Train Once, Forget Precisely: Anchored Optimization for Efficient Post-Hoc Unlearning
Journal:
arXiv
Published Date:
Jun 17, 2025
Abstract
As machine learning systems increasingly rely on data subject to privacy
regulation, selectively unlearning specific information from trained models has
become essential. In image classification, this involves removing the influence
of particular training samples, semantic classes, or visual styles without full
retraining. We introduce \textbf{Forget-Aligned Model Reconstruction (FAMR)}, a
theoretically grounded and computationally efficient framework for post-hoc
unlearning in deep image classifiers. FAMR frames forgetting as a constrained
optimization problem that minimizes a uniform-prediction loss on the forget set
while anchoring model parameters to their original values via an $\ell_2$
penalty.
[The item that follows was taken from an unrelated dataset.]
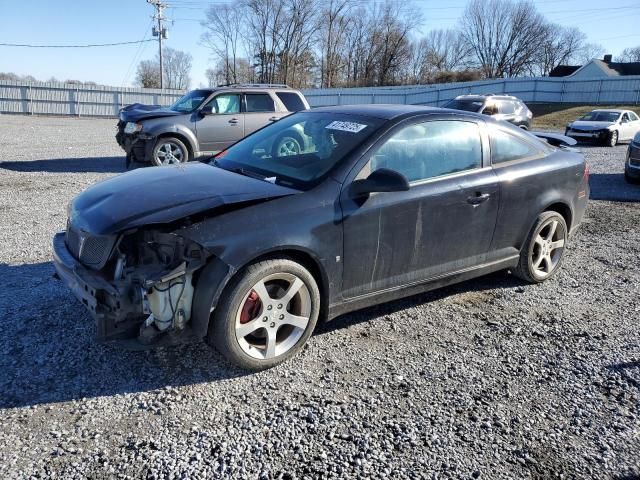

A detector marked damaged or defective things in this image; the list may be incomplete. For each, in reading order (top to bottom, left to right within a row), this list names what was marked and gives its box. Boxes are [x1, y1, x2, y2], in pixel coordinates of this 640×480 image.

A theoretical analysis links FAMR's solution to
influence-function-based retraining approximations, with bounds on parameter
and output deviation. Empirical results on class forgetting tasks using
CIFAR-10 and ImageNet-100 demonstrate FAMR's effectiveness, with strong
performance retention and minimal computational overhead. The framework
generalizes naturally to concept and style erasure, offering a scalable and
certifiable route to efficient post-hoc forgetting in vision models.